In the first place there has been a clear breach of Condition 2 (above) in the erection of no less than 4 dwelling houses on the land. Secondly, in so far as her 3 sons' houses are concerned, their occupation of the land is in my view in clear breach of the terms of Condition 1 (above).
Furthermore it should be noted that Condition 4 (above) does not expressly require the cancellation notice to be given by the Director of Lands nor is there any suggestion that the plaintiff authority was a party to or even knew of the existence of the defendant's 'tenancy-at-will.'
In the circumstances and without necessarily accepting the defendant's assertion that her "tenancy-at-will has never been cancelled", I am satisfied that the authority's Notice to Quit (the receipt of which is not denied) was sufficiently wide in its terms as to amount to a valid and effective notice of the cancellation and/or revocation of Ram Kuar's "tenancy-at-will" in the absence of any suggestion of 'fraud'.
In any event it is trite that a 'tenancy-at-will' is impliedly determined by the landlord when he does any act which is inconsistent with the continuance of the tenancy such as the granting of a lease over the land. This was decided as long ago as 1861 by the Privy Council in Hogan v. Hand 134 RR 57 where it was held:
"The granting of a lease to a third party by the lessor of a tenant at will is a determination of the tenancy at will."
In light of the above I have no hesitation in finding that these 4 defendants have failed to raise either a triable issue or established "a right to the possession of the land" as required in terms of Section 172 of the Land Transfer Act (Cap 131).
Finally I turn to the remaining 6 defendants in Civil Action Nos: 091/94; 092/94; 094/94; 097/94; 098/94 and 0100/94. Each of these defendants deposed to paying a sum of money ranging from $50 to $500 in 1988 to a named employee of the plaintiff authority who is alleged to have been "the person in charge of the land in question", in return for a promise that a proper registered lease for the land would be provided to them.
No receipts have been exhibited by any of the defendants and the plaintiff authority denies the existence of any official accounting records to support the receipt of such payments by the authority.

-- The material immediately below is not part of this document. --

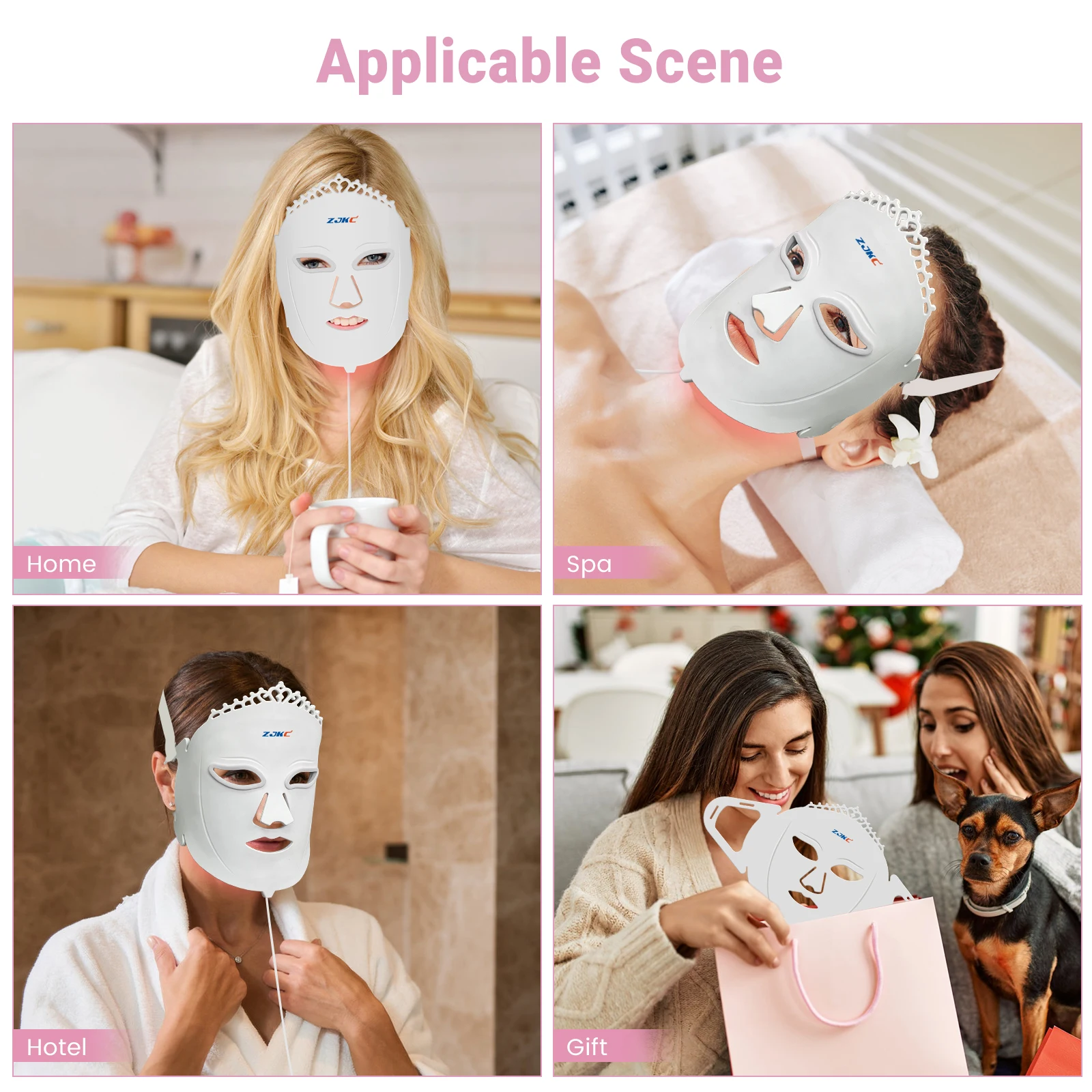 Medical Grade Mask LED Infra Red Face and Neck Red Face Light Mask with Four Levels Power Two Modes Blue Light for Acne Skin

Furthermore the affidavit of the authority's Marketing Director categorically denied any agreement to lease the land to the defendants or accepting any rent from the defendants and more particularly denied authorising anyone to do so on its behalf. It is accepted however that the named employee was employed by the plaintiff authority at the relevant time but had since retired in early 1992.
In the absence of an affidavit from the former named employee of the authority learned counsel for these 6 defendants submits that there is some prima facie evidence to raise some form of equitable or proprietary estoppel. Again I cannot agree.
In the first place the payments and promises (assuming they were made) occurred "... sometimes in 1988" which is some 3 years before the Housing Authority accepted and became the legally registered lessee of the land albeit that the lease commenced on the 1st of August 1987. In the circumstances there is a very real possibility that the named employee of the authority had taken advantage of the plight of these defendants and fraudulently obtained from them the various sums deposed unknown to his employer. In such an event no estoppel could possibly arise.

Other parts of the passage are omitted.